Em publicação feita nas redes sociais, o Sepe Lagos disse que “os trabalhadores das escolas municipais precisam do seu apoio, pois a prefeitura continua descumprindo a lei mantendo milhares de servidores sem receber seus salários e direitos”. 

Em meio à nova crise, quem tem alguma alternativa está buscando por ela. É o caso da professora de matemática Sonia Maria Pereira da Silva. Ela foi contratada pela Prefeitura no ano passado, com salário bruto de R$ 3 mil (líquido cerca de R$ 2.600), sem vale transporte ou nenhum outro benefício.

Ela aguarda para saber se irá continuar na rede municipal de ensino neste ano, já que o contrato venceu em dezembro, mas, ao mesmo tempo, está tentando vaga em outras cidades.

– Eu estava em duas escolas no Segundo Distrito, com um contrato de 40 horas semanais. Tinha um gasto alto com transporte, e os contratados não recebem vale transporte. Quando começaram os atrasos, descontrolou tudo. Contas atrasadas, pedidos de empréstimo, um estresse e uma insegurança horríveis. Você nunca sabe quando vai receber – declara ela.

A melhor opção, no momento, seria reduzir a carga horária e buscar espaço em outros lugares.

– Estou fazendo outros processos seletivos e, confesso, se passar em algum deles, seria melhor do que ficar em Cabo Frio. Fiquei dez meses na Prefeitura de Cabo Frio e, em todos eles, houve greve por causa de atraso no salário. Esta situação é insustentável – completa Sonia.

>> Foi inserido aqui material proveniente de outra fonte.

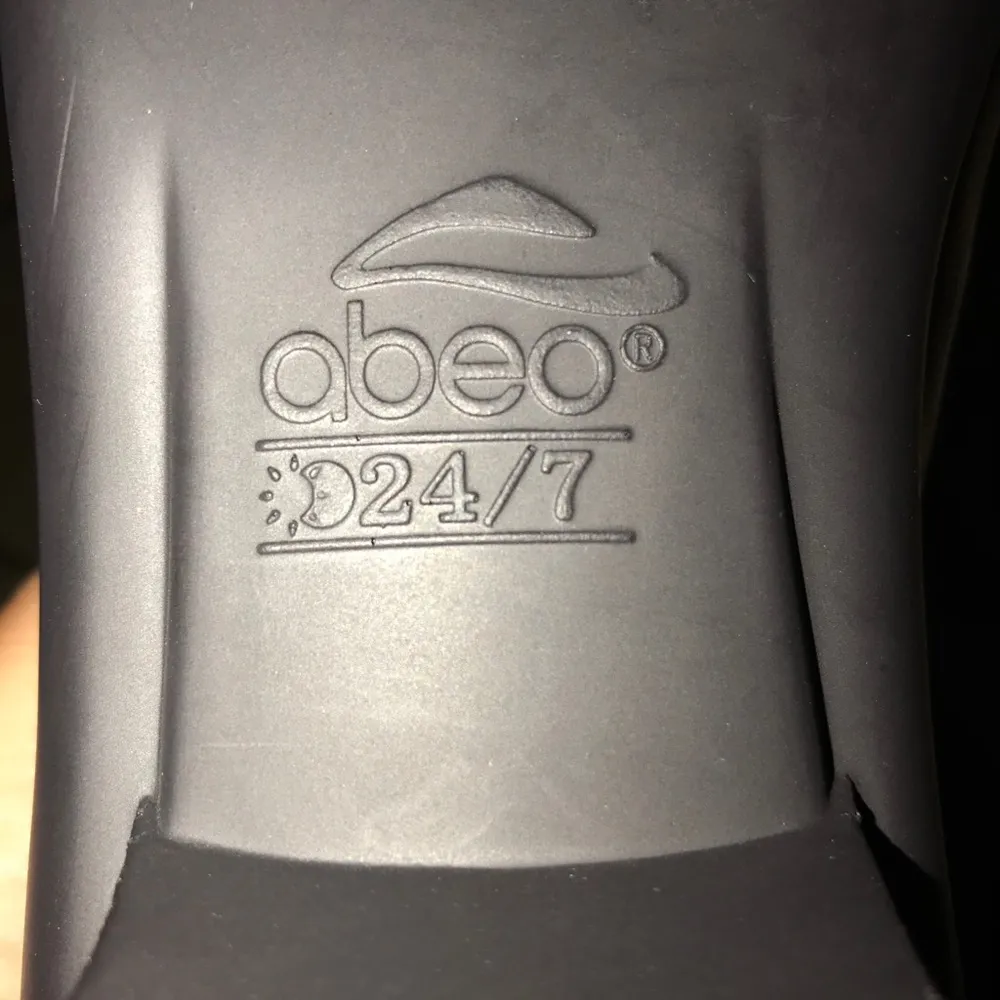 Leather Upper Rust clog size 7.5 - Image 5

A carestia provocada pela falta de salário ultrapassa os limites de Cabo Frio e atinge servidores que moram em municípios vizinhos, como o inspetor de alunos da Escola Waldemira Thereza de Jesus, no Jardim Excelsior, Renato Francisco Santos Venceslau. Ele vive em Araruama com a companheira e faz contas para conseguir sobreviver, o que só é possível, segundo ele, por causa de um estoque de alimentos que faz em casa, prática que adquiriu ainda nos tempos de atrasos do governo Alair Corrêa, em 2016.

O Natal e as férias do casal não foram as esperadas por causa da falta de dinheiro. O servidor relata que mal sai de casa para não ter que gastar. Para pagar as contas, principalmente as que vencem no começo do ano, o jeito é pedir dinheiro emprestado. Por conta disso, cortes em itens essenciais do orçamento não estão descartados.

– As contas não param de vencer e eu provavelmente vou ter que cancelar o plano de saúde. Quando eu entrei por concurso público, o pagamento caía no dia 25 de cada mês. Hoje cai no dia 15 do mês seguinte. Eu que havia mudado o vencimento do plano para o dia 10, ainda pago com atraso. Só a multa do plano é de R$ 60. Quem é vai pagar, a prefeitura vai me reembolsar?  Se deixar de pagar dois meses, o nome vai para o SPC e o Serasa? Como é que fica com essa Saúde pública que está precária? – indaga.